At the meeting, city councillors flatly refused to consider a request from the Nunavut Housing Corp. to forgive almost a third of the $336,271 in tax arrears owing on the property.
Although the housing corporation controls the property, it’s still listed on city tax records as being owned by the NWT Métis Development Corp. That’s because ownership of the lease for the land the buildings sit on has not been completely transferred to the NHC.
The property comprises three buildings on Apex Rd., just past a city water booster station.
“Mr. Chairman, I think they’re trying to take advantage of us,” city councillor Simon Nattaq told the committee chair, Coun. Romeyn Stevenson, at the Sept. 18 meeting.
Councillors concluded the Housing Corp’s request does not follow territorial law and procedures, and that the corporation was never properly listed as the owner of the lot and buildings.
The committee drafted a motion to refuse the request, which they passed unanimously.
The Housing Corp. told the city in January of 2012 that, contrary to the city’s tax records, the NWT Métis Development Corp. no longer owns the land, because their lease had expired.

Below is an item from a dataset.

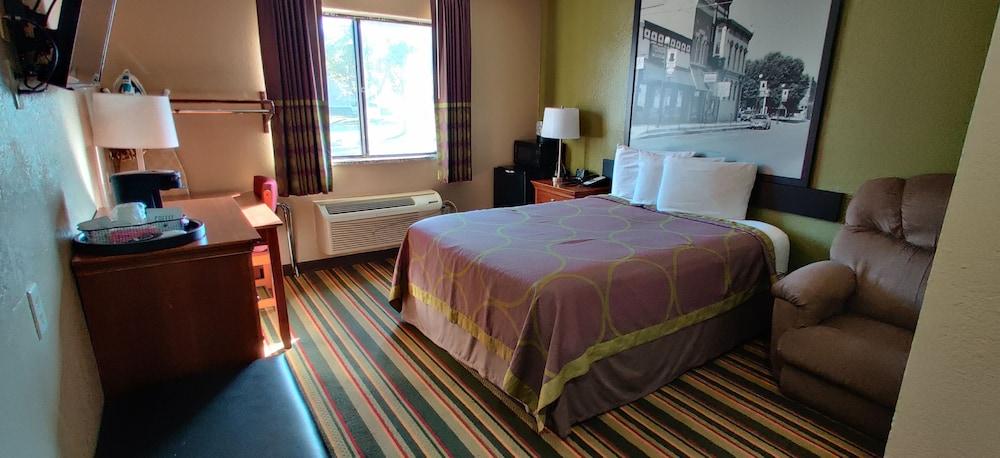 Super 8 by Wyndham Champaign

The NWT Métis Development Corp. still appears to exist, but the company does not appear to have a website. Public registry information lists its address as 5125 50th Street in Yellowknife.
Normally, governments and government agencies don’t pay property tax on buildings they own on municipal land. Instead, they pay grants in lieu of taxes.
But private businesses that own property leased to government do pay property taxes.
In the case of the Métis corporation, it’s not clear when ownership of the building and responsibility for the lot lease transferred from the private company to the NHC.
The city first heard of a possible transfer of ownership of the property from Métis Development to the Housing Corp. in an email from an NHC lawyer in 2006, according to Jennifer Catarino, Iqaluit’s acting director of planning and development.
Records that show the Métis corporation’s lease on the land expired in 2007.
This, according to the NHC, means tax arrears on the property, unpaid by the Métis corporation, have fallen into their lap.
The accumulated arrears, which include years of compounded interest, amount to $336,271.83. That’s the third highest in the city’s list of about 60 property owners who owe tax arrears exceeding $500.
The NHC has asked the city to forgive an amount of $105,056 from the total.
That figure, according to the city’s lands administrator Amanda Wells, represents “penalties that were charged against the taxes.”
“Each month there’s a one per cent compounded interest,” Wells told the committee.
This interest on unpaid taxes accumulated over years, starting at some unknown time when the Métis corporation owned the building.
The NHC did their own calculation on how much of that figure represents the actual tax owing and how much represents interest penalties, Wells said.
The NHC also claims the city is at fault for not properly informing them of lease arrangements on the land.
The request, which Catarino presented to the committee for discussion, left councillors baffled.
Catarino pointed out that it contravened Nunavut’s Consolidation of Property Assessment and Taxation Act.
John Mabberi-Mudonyi, the city’s senior director of corporate services, agreed.
“We cannot go against the act,” he said.
Iqaluit’s property tax arrears totalled more than $2,323,000, as of July 11, 2013.
Only two properties owe more than the amount listed to the NWT Métis Development Corporation. Those two amounted to about $558,000 and $436,000, respectively.